> _What the exercise asks_: The expected answer is the set of lines in the data below between the line holding "انگشتر عقیق سرخ خراسانی دامله خوش تراش" and the line holding "The Drop Women's", inclusive, written out exactly.

> _Supplied records_:

..........

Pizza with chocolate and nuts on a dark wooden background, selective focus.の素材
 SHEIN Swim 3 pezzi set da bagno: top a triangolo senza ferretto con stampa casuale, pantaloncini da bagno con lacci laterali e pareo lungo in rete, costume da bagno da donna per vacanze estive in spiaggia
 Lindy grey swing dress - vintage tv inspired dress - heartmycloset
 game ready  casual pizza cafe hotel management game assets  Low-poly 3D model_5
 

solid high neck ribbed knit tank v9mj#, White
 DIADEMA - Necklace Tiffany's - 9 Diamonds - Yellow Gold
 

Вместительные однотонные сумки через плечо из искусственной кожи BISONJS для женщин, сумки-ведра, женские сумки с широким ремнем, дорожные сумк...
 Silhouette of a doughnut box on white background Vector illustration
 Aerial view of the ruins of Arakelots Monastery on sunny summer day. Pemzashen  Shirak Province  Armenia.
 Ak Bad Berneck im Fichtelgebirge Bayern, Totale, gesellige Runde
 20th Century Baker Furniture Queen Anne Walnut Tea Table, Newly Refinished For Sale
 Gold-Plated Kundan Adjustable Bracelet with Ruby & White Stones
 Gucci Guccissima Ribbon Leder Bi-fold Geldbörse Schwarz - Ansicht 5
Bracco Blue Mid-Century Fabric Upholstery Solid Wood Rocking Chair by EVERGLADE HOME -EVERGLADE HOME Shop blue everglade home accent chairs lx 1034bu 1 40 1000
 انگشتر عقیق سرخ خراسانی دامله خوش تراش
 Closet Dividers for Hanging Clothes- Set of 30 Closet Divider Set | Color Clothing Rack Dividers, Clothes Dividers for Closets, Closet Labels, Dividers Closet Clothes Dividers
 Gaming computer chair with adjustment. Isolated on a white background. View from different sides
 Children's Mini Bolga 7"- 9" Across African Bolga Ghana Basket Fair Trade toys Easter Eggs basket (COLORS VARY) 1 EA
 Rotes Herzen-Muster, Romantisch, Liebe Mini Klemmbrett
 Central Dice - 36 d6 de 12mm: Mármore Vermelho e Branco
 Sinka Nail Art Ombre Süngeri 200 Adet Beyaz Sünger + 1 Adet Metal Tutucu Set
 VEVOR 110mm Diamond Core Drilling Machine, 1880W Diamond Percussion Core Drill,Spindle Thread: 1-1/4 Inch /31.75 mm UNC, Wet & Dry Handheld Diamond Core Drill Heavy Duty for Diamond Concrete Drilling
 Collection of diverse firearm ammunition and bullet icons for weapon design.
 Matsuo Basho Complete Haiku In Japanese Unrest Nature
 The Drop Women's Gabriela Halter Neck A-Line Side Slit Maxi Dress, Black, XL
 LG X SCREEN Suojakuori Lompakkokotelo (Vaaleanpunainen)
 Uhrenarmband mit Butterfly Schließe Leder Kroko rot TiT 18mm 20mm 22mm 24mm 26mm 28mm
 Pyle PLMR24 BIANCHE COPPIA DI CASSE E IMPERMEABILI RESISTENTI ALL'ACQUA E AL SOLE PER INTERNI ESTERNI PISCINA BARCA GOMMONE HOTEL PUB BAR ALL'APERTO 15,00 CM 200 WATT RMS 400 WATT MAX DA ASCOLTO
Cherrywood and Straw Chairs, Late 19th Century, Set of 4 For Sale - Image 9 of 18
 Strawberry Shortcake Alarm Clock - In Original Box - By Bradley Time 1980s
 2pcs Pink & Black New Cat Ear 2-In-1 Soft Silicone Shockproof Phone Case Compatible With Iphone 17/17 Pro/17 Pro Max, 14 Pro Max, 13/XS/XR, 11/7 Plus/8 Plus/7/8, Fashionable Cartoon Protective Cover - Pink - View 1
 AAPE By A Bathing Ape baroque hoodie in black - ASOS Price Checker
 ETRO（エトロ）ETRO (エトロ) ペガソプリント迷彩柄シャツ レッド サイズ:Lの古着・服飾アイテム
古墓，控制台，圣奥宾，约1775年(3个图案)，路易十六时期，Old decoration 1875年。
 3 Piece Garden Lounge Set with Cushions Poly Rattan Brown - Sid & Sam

..........

> _Expected answer_:
 انگشتر عقیق سرخ خراسانی دامله خوش تراش
 Closet Dividers for Hanging Clothes- Set of 30 Closet Divider Set | Color Clothing Rack Dividers, Clothes Dividers for Closets, Closet Labels, Dividers Closet Clothes Dividers
 Gaming computer chair with adjustment. Isolated on a white background. View from different sides
 Children's Mini Bolga 7"- 9" Across African Bolga Ghana Basket Fair Trade toys Easter Eggs basket (COLORS VARY) 1 EA
 Rotes Herzen-Muster, Romantisch, Liebe Mini Klemmbrett
 Central Dice - 36 d6 de 12mm: Mármore Vermelho e Branco
 Sinka Nail Art Ombre Süngeri 200 Adet Beyaz Sünger + 1 Adet Metal Tutucu Set
 VEVOR 110mm Diamond Core Drilling Machine, 1880W Diamond Percussion Core Drill,Spindle Thread: 1-1/4 Inch /31.75 mm UNC, Wet & Dry Handheld Diamond Core Drill Heavy Duty for Diamond Concrete Drilling
 Collection of diverse firearm ammunition and bullet icons for weapon design.
 Matsuo Basho Complete Haiku In Japanese Unrest Nature
 The Drop Women's Gabriela Halter Neck A-Line Side Slit Maxi Dress, Black, XL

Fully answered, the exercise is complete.